How refreshing it is to hear all those repeated notes and every
inflection of those mad traversals of the keyboard in the Scarbo
movement - a thrilling and extremely dynamic ride it is
too.
You will by now have divined that, after a few initial doubts
fuelled by preconception, I am now entirely sold on Ravel as
played by Abdel Rahman El Bacha. This remains entirely true,
although after a magnificent Gaspard de la nuit I do
have one or two reservations. One thing El Bacha seems reluctant
to do is to allow the ‘dance’ music to really dance. Menuet
sur le nom de Haydn is admittedly less of a dancy number
despite the ‘Menuet’ title, and the very straight reading we
have here does build to a fine climax. The concerns setting
in at this point do however transfer themselves to the Valses
nobles et sentimentales. El Bacha’s timings are on the whole
a little longer than many, and though these differences might
not seem much, in such short pieces they do indicate a broader
view of certain tempi, and the impetus for a dance ‘feel’ is
therefore sometimes not achieved. There is a kind of bounce
demanded of these and indeed all waltzes, and El Bacha bounces
not. Take that delightful little Moderé, the third of
the cycle. The tempo doesn’t drag, but neither does it pitch
one forward into a sense of physical movement. The effect of
the rhythmic variations in the piece are as a result also rather
lost – not that they are not present, but the 1-2, 1-2 moments
have a ‘so what’ feel, rather than wrong-footing the active
listener. The following Assez animé is much more entertaining
however, and El Bacha relishes those little runs and the stop-start
feel to this particular quasi-waltz. The Presque lent is
nicely atmospheric, but falls a little in between being a dream
of a dance or an actual waltz. The Vif is also good,
but doesn’t have quite the wit and sense of fun that hobbling
bass line suggests. None of these points are crucially damning
and these performances are all finely turned, but the care El
Bacha gives to his playing of Ravel means than the kind of abandon
or extremes of mood which make these waltzes dance and ‘live’

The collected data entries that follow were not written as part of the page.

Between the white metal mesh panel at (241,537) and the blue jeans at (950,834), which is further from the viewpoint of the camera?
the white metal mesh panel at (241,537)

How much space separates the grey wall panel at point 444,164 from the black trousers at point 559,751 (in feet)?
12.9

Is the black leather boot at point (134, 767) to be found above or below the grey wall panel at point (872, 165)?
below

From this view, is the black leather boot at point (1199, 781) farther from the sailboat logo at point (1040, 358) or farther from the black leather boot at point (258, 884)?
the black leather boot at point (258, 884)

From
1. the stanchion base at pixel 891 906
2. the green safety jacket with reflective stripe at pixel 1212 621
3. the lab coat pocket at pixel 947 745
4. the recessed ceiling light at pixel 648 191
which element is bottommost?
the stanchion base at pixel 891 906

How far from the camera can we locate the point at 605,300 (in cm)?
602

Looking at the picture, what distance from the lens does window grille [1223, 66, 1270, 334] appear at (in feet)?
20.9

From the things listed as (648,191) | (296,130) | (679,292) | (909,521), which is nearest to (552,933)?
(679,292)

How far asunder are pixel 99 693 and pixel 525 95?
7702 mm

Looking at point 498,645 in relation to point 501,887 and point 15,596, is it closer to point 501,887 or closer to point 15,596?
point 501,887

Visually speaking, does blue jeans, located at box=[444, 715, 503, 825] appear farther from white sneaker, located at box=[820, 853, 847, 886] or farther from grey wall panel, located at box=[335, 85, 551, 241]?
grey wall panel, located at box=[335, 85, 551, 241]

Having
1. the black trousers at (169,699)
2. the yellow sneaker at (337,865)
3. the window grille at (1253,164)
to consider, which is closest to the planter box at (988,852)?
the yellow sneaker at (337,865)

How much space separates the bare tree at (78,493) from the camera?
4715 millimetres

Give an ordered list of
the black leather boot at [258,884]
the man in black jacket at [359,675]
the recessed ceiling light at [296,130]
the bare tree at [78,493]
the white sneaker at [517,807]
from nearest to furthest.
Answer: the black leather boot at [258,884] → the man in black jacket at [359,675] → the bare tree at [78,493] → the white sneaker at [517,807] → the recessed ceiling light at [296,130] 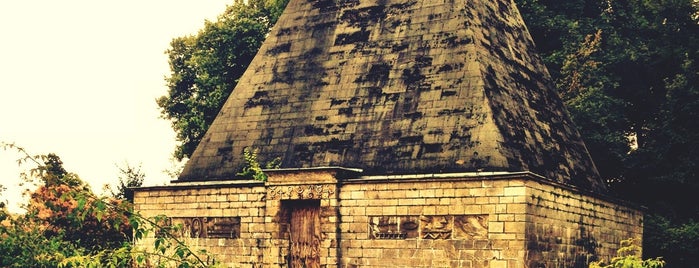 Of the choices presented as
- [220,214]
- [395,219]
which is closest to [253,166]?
[220,214]

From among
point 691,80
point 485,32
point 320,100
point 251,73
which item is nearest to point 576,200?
point 485,32

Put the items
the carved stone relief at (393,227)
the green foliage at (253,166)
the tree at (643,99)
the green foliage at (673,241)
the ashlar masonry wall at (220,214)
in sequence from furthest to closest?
1. the tree at (643,99)
2. the green foliage at (673,241)
3. the green foliage at (253,166)
4. the ashlar masonry wall at (220,214)
5. the carved stone relief at (393,227)

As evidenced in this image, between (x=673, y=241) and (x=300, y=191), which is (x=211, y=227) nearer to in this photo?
(x=300, y=191)

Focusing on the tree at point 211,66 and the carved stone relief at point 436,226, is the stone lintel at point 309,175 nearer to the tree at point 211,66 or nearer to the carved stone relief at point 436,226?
the carved stone relief at point 436,226

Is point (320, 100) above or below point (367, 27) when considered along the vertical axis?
below

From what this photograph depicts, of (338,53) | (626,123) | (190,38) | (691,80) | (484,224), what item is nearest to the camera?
(484,224)

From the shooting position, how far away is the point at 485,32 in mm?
25188

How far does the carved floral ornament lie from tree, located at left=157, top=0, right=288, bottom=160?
15.0 meters

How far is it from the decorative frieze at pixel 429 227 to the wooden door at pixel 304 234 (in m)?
1.42

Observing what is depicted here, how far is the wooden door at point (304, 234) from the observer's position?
74.7 ft

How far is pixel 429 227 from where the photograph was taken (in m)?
21.3

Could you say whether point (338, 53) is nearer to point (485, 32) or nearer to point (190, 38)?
point (485, 32)

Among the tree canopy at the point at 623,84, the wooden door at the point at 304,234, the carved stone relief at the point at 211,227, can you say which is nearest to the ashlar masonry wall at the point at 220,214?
the carved stone relief at the point at 211,227

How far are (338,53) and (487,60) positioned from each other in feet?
12.5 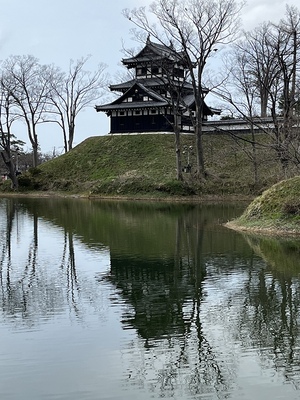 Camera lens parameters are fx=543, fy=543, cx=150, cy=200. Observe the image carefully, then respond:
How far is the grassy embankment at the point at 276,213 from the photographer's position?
68.9 ft

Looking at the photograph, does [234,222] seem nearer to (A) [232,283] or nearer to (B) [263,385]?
(A) [232,283]

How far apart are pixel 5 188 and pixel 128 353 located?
4753 cm

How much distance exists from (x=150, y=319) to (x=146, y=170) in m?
37.0

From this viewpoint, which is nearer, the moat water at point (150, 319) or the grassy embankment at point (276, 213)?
the moat water at point (150, 319)

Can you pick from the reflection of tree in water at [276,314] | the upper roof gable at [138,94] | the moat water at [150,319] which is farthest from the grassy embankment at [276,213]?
the upper roof gable at [138,94]

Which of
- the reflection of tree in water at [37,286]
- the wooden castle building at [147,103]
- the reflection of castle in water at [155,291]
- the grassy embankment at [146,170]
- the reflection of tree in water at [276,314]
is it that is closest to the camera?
the reflection of tree in water at [276,314]

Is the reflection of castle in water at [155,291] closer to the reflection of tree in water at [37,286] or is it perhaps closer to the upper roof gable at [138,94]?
the reflection of tree in water at [37,286]

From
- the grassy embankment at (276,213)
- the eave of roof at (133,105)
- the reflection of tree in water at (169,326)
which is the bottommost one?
the reflection of tree in water at (169,326)

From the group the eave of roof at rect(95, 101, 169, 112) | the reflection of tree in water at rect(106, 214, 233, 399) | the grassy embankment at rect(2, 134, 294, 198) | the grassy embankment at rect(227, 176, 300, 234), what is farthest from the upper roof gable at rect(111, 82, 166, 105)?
the reflection of tree in water at rect(106, 214, 233, 399)

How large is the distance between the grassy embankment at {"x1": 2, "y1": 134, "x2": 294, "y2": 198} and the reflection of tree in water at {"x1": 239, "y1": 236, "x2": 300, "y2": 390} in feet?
85.1

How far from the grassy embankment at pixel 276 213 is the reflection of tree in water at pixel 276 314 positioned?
15.3 feet

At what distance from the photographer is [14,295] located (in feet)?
38.9

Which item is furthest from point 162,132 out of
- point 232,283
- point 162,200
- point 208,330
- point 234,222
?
point 208,330

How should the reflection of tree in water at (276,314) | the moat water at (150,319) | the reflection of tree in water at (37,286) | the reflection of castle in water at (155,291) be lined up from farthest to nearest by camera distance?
the reflection of tree in water at (37,286), the reflection of castle in water at (155,291), the reflection of tree in water at (276,314), the moat water at (150,319) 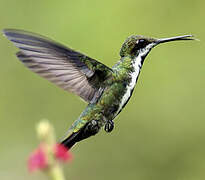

doesn’t transfer quite as well to this form as with other works
in the set. The ‘sentimental’ aspect of the music is another
point which might have been more deeply observed. The introduction
of the penultimate dance for instance, Moins vif, seems
to have a potentially endless duration in Roger Muraro’s hands,
where here it is superbly played, but without that excruciatingly
delicious sense of anticipation that it can have.
Le Tombeau de Couperin comes last in this chronologically
ordered set. Again, ordered and taking care of every detail,
El Bacha is accurate and refined rather than dashingly exciting.
Like a well played scale or etude however, accuracy and evenness
generates its own sense of speed, and the music here doesn’t
drag or seem particularly slow. El Bacha doesn’t go out of his
way to give highly defined character to each voice of the Fugue,
but elsewhere all of Ravel’s fascinating traditional forms are
portrayed with an appropriately restrained or eloquent character.
The opening of the Rigaudon is especially energetic,
the sound of the pianist’s fingers striking the keys resonating
clearly, and El Bacha’s skill with repeated notes makes for
a stunning Toccata with which to conclude the set.
There are numerous highly respectable and critically acclaimed
sets of Ravel’s piano music, Angela
Hewitt on Hyperion and Jean-Efflam
Bavouzet on MDG to name just two. My own reference has for
a while been Roger Muraro on the Accord label, 476 0941, who
has a stylish way of bringing out aspects of Ravel’s style and
idiom which are more often glossed over, and if anything has
an even richer palette of pianistic colours to his credit than
anyone I can name, even though El Bacha has him on the ropes
when it comes to evenness and accuracy. Nothing El Bacha does
takes anything away from a wealth of fine and well established
recordings, but if you want to have the feeling of getting close
to the ideas of the composer, and want to enter the game of
‘how does he do that?’, then Abdel Rahman El Bacha has
a very great deal to offer. Add all of this to demonstration
sound quality and well written booklet notes by Gerald Larner,
and I think we end up with something like a resounding recommendation.